* [WORK ORDER]:
Given the entries below, would you transcribe exactly the lines starting at the one with "Naruto - Manga 1 Episode" and ending at the one with "(Combo Set) Колиматорый", both kept, pictures omitted, nothing extra?
═════ SUPPLIED RECORDS
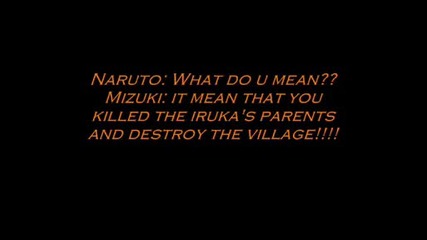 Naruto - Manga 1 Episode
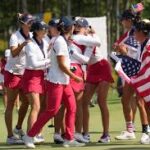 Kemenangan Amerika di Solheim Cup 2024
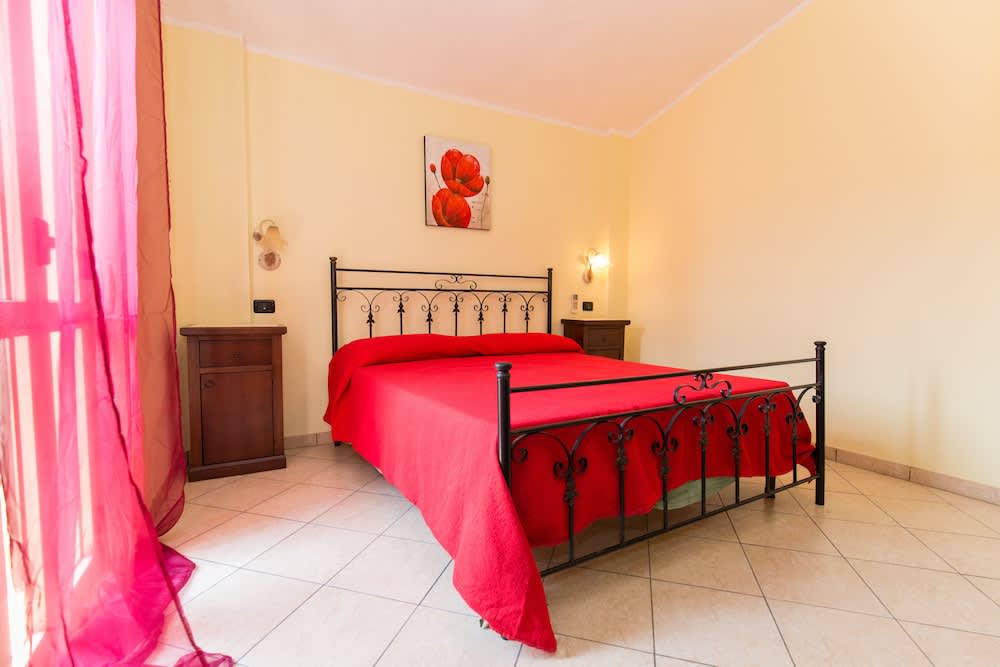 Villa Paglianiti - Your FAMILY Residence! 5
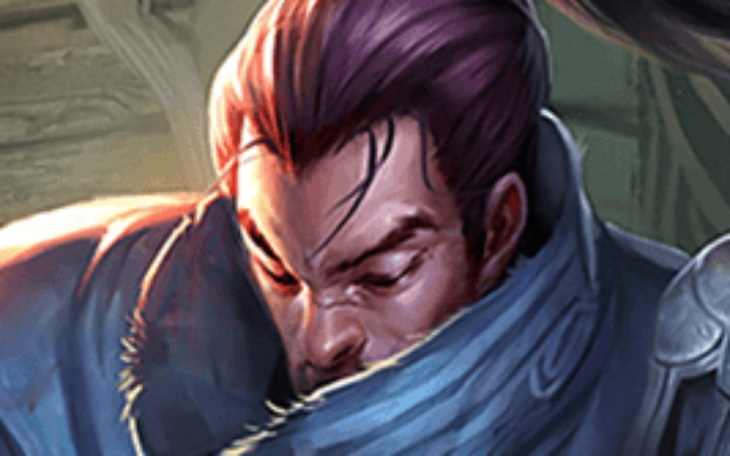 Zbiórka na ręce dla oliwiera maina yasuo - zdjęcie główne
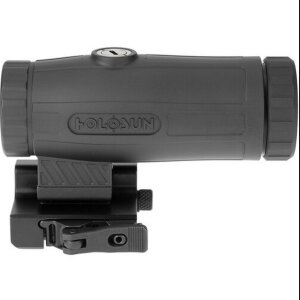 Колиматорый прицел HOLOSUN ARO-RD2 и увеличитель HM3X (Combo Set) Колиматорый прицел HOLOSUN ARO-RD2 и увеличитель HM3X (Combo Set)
══════════
═════ SUPPLIED RECORDS
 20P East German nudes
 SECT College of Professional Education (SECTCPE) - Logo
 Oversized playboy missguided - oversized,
══════════
* [RESPONSE TO THE EXERCISE]:
 Naruto - Manga 1 Episode
 Kemenangan Amerika di Solheim Cup 2024
 Villa Paglianiti - Your FAMILY Residence! 5
 Zbiórka na ręce dla oliwiera maina yasuo - zdjęcie główne
 Колиматорый прицел HOLOSUN ARO-RD2 и увеличитель HM3X (Combo Set) Колиматорый прицел HOLOSUN ARO-RD2 и увеличитель HM3X (Combo Set)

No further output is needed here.